Moody’s cuts Münchener Hyp one notch to A2
Monday, 12 September 2011
Münchener Hypothekenbank was downgraded from A1 to A2 by Moody’s on Friday, with the rating agency citing persistently weak profitability and internal capital generation, and asset quality pressures.
The outlook was changed from negative to stable.
Mortgage covered bonds issued by Münchener Hypothekenbank are rated Aaa by Moody’s. A combination of the issuer’s new A2 rating and a Timely Payment Indicator of “probable-high” for the programme means that under Moody’s methodology the covered bonds have a TPI leeway of one notch.
Münchener Hypothekenbank’s public sector Pfandbriefe are also rated Aaa by Moody’s but have a TPI of “high” and hence a TPI leeway of two notches.
The one notch downgrade of the issuer rating followed the downgrade of the bank financial strength rating (BFSR).
Moody’s downgraded the BFSR because of the bank’s “persistently weak profitability and internal capital generation, which leaves room for expected loss, and the bank’s only adequate capitalisation in the context of its risk profile and its low quality of capital, which represents a challenge with regards to the upcoming Basel III requirements”.

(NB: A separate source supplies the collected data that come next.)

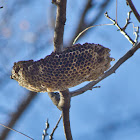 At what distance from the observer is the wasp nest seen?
2.12 meters

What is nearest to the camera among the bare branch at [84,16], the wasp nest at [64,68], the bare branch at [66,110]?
the wasp nest at [64,68]

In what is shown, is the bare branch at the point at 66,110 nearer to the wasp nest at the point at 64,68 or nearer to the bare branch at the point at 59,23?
the wasp nest at the point at 64,68

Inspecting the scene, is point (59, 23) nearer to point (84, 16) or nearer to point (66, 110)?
point (66, 110)

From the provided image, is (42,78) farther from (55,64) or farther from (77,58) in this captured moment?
(77,58)

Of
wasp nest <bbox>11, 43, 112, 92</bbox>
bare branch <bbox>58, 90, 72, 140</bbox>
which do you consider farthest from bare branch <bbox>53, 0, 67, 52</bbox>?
bare branch <bbox>58, 90, 72, 140</bbox>

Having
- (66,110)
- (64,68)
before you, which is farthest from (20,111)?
(64,68)

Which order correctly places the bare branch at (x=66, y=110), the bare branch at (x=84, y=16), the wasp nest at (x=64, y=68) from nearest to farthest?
1. the wasp nest at (x=64, y=68)
2. the bare branch at (x=66, y=110)
3. the bare branch at (x=84, y=16)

The rating agency also said: “Furthermore, the bank remains exposed to ongoing asset-quality pressures at the current level from non-core portfolios such as international commercial real estate, as well as selected exposures within the bank’s financial institutions and sovereign portfolio.”
Moody’s said the issuer rating incorporated Moody’s view that Münchener Hypothekenbank would continue to benefit from existing support available to members of the group of co-operative banks in Germany as well as a high probability of systemic support, indirectly from the German co-operative sector. The issuer now benefits from a five notch uplift, from four previously.
A further downgrade of the BFSR could push down the issuer rating. Moody’s said that it would consider a further downgrade of the issuer’s BFSR if Münchener Hypothekenbank experienced a further deterioration in non-performing loans or suffered credit deterioration in its securities portfolio.